3年~3年半の景気サイクルに照らして、ここから1年半は景気回復期だとすれば2020年いっぱいは大丈夫。ですが、2021年前半に景気のピークが再びやってくることになります。
そして、ちょうどその頃に、これまでずっと堅調を維持してきた米国の労働市場もピークアウト感が鮮明になりそうです。これが2つ目の理由です。短期景気循環の次のピークに米国労働市場の悪化が重なるとなれば、それはかなりの景気減速となり、場合によっては景気後退に陥る可能性も否定できません。
非製造業の雇用に退潮の兆しは?
足元、米国では製造業の不振が鮮明になっています。これを如実に表すのがISM製造業景況感指数です。同指数はずっと低下が続いてきましたが、8月はついに景気拡大・縮小の節目となる50を割り込んでしまいました。
ただ、全米の雇用者数に占める製造業の割合は1割しかありません。ですから、製造業の雇用が悪化しても、それほど大きな問題ではありません。
民間雇用の9割を占める非製造はどうかというと、8月のISM非製造業景況感指数は前月から上昇し、市場予想を上回りました。水準も56.4と、好不況の境目の50からまだだいぶ距離があります。

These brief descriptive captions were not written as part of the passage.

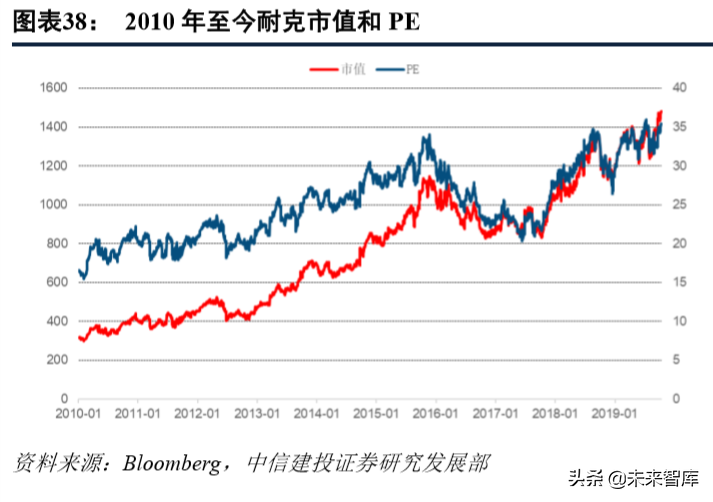 标杆研究之耐克六十年风雨启示录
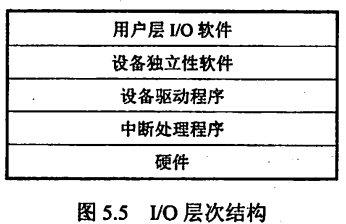 【操作系统·考研】I/O管理概述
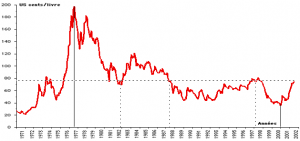 Le commerce mondial du cacao : Offre et demande
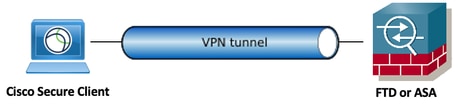 Secure Client VPN tunnel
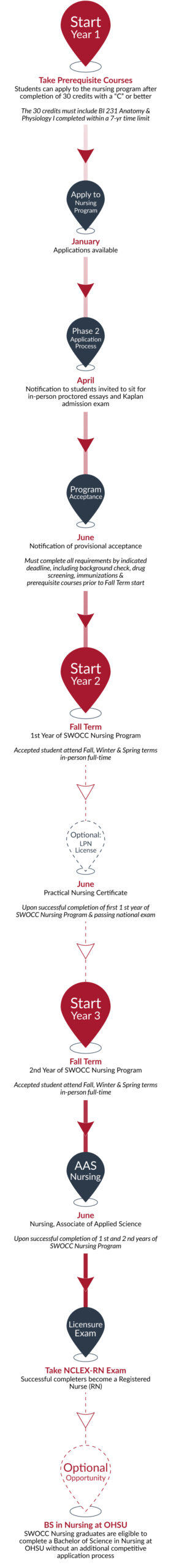 image of a timeline of becoming a nurse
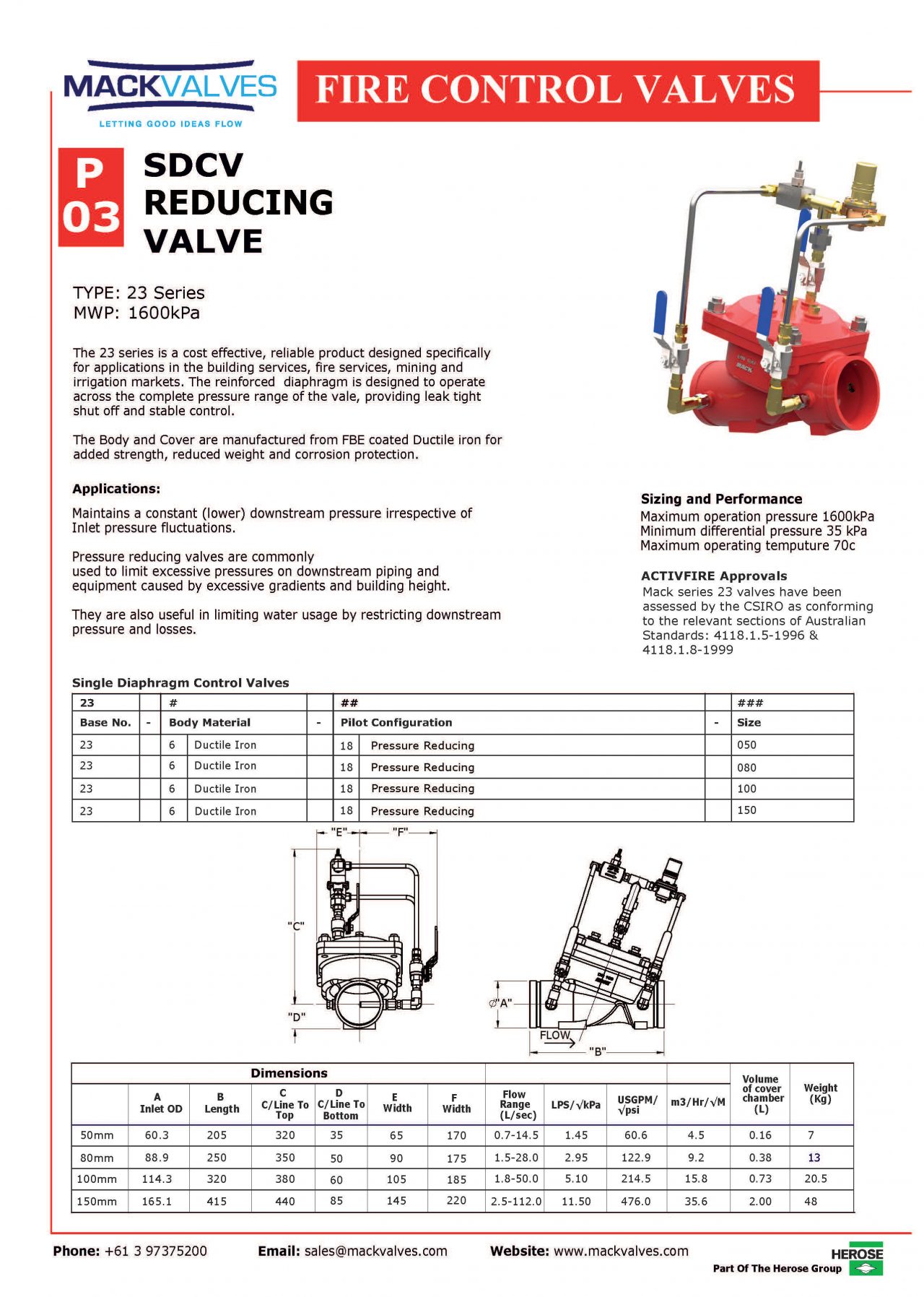 23 Series Single Diaphragm Control Valve - Mack Valves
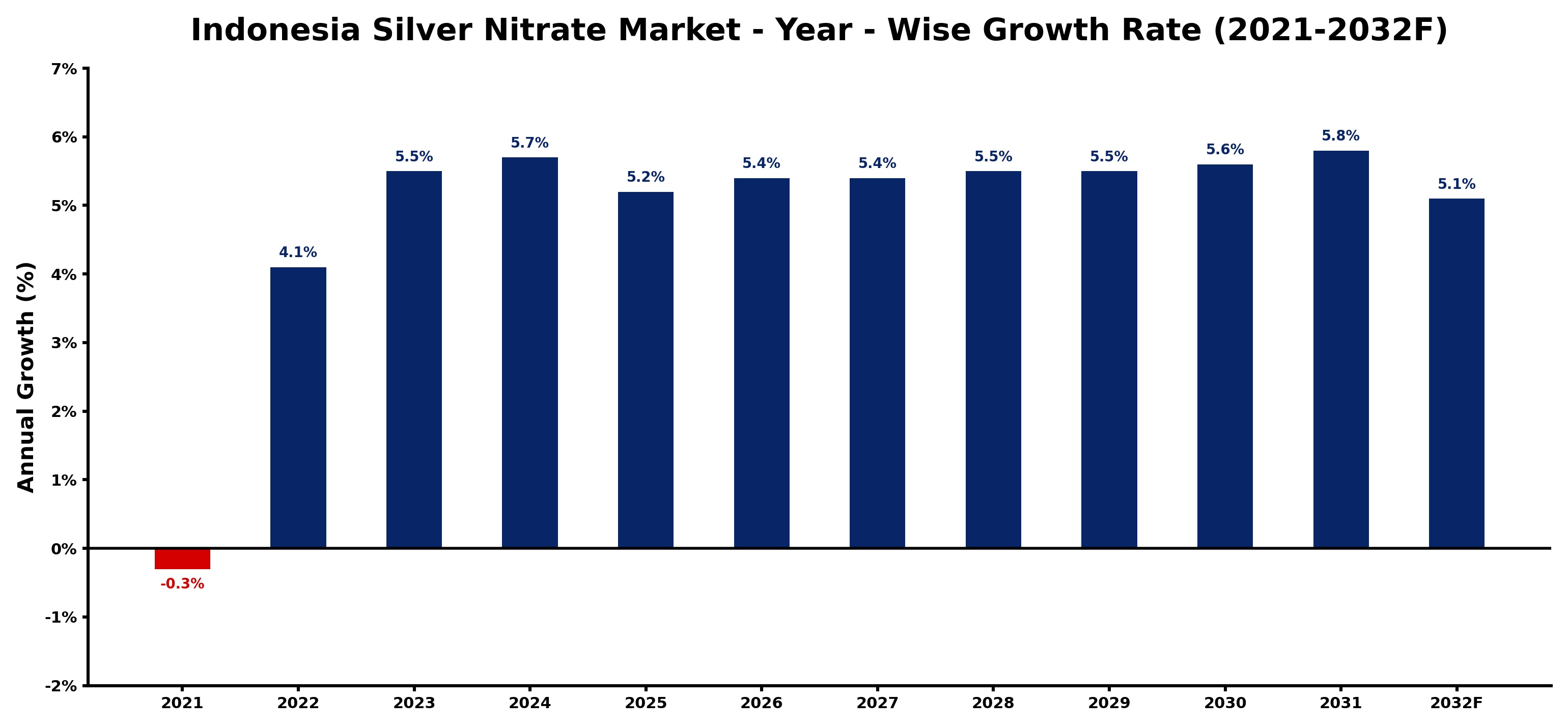 Indonesia Silver Nitrate Market Year-wise Growth Rate and Key Drivers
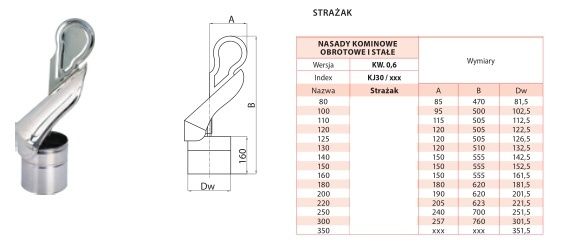 PROMOCJA! STRAŻAK Nasada Obrotowa Kominowa FI 200 Komin Rura PRODUCENT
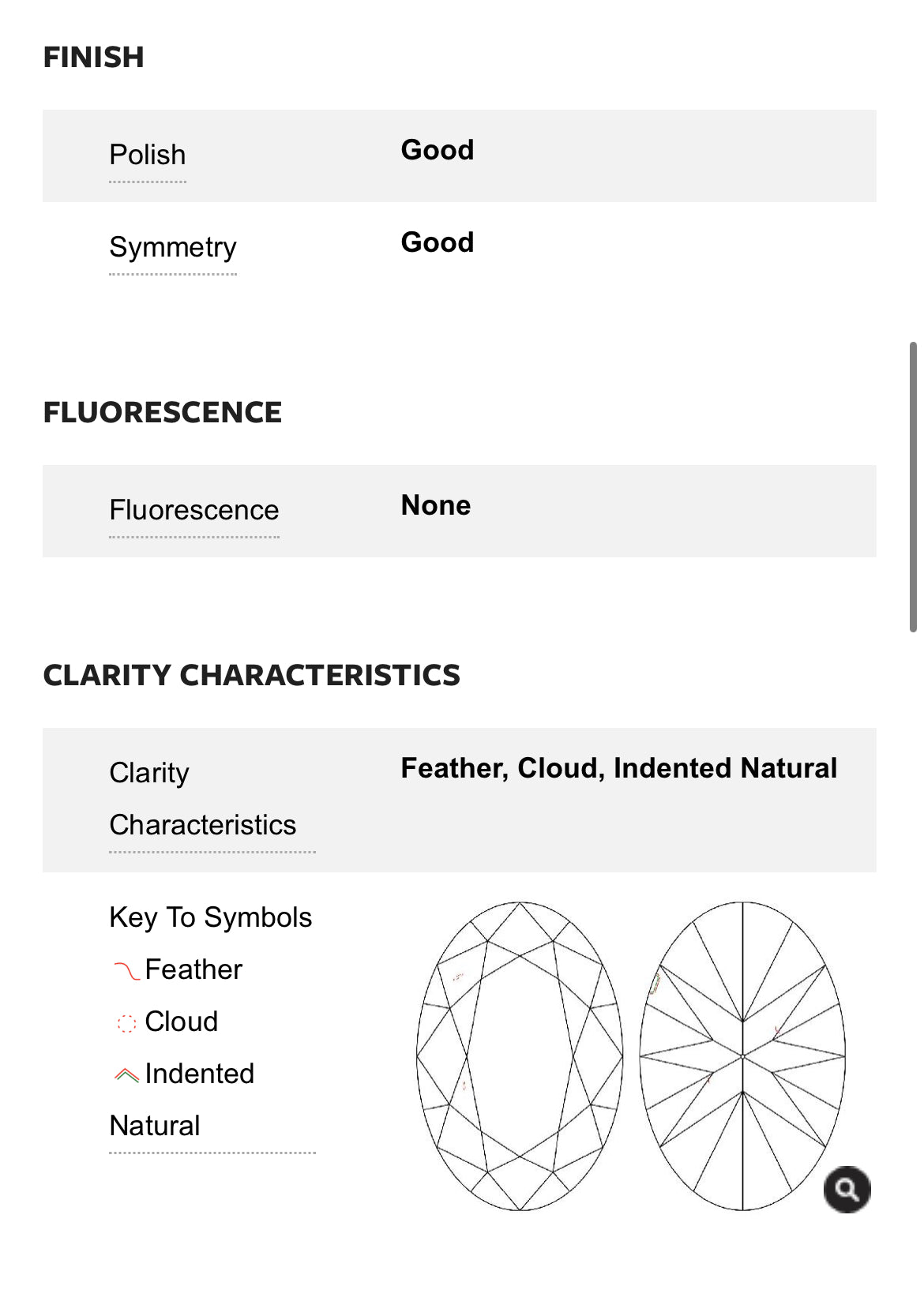 .54 Carat Oval Cut Diamond F , VVS2, GIA CERTIFICATE 219549764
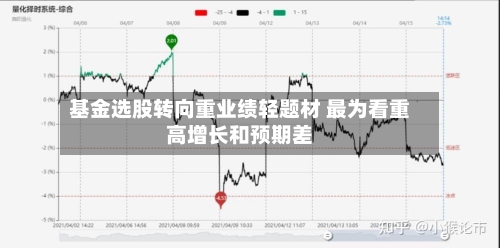基金选股转向重业绩轻题材 最为看重高增长和预期差-第2张图片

指数の伸びは2008年2月以降で最大でした。
では、米国の労働市場はまだ退潮の兆しがないかといえば、そうではありません。内訳の雇用指数は大きく低下しています。製造業の不振には目をつぶれますが、経済の9割を占める非製造業の雇用が鈍り始めたとなると、看過できません。
ISM非製造業の雇用は振れが激しく、トレンドが見極めにくいですが、6ヵ月、12ヵ月、24ヵ月の移動平均のいずれもピークアウトを示唆しています。
株式市場がピークアウトするのはいつか
四半期ベースでISM非製造業の雇用指数を長期に見ると、失業率の上昇に先行して悪化しているのがわかります。米国の失業率は現在半世紀ぶりの低水準にあり、ほぼ完全雇用に達していると思われます。であるならば、これ以上は良くならず、いつか悪くなり始めます。
米国の調査会社DeepMacroによれば、新規採用の伸び率は春につけた直近のピークから下落し続けています。人材派遣業界の団体であるアメリカン・スタッフィング・アソシエーションが加盟企業を対象に定期的に実施した調査によると、派遣や契約職員の雇用は8月に前年同月比4.4%減少した、とBloombergニュースが報じています。
これは雇用悪化の典型的なプロセスです。まず新規採用を中止し、次に非正規雇用を減らします。そして労働時間を抑制し、最後に正規雇用者の解雇という順番です。
ですから、今は労働時間に注目しています。8月の雇用統計では週間平均労働時間は反発しましたが、低下基調を脱したとはいえません。ここから一段と減少するようだと、米国で雇用が悪化するのも時間の問題、あと1年~1年半のうちには悪化が鮮明になるでしょう。
過去の例では、景気のピークに対して、平均すると半年前に株式相場は天井をつけます。米国景気が2021年前半にもピークアウトするとすれば、株価は2020年末がピークということになります。株の賞味期限もあと1年程度かと考えます。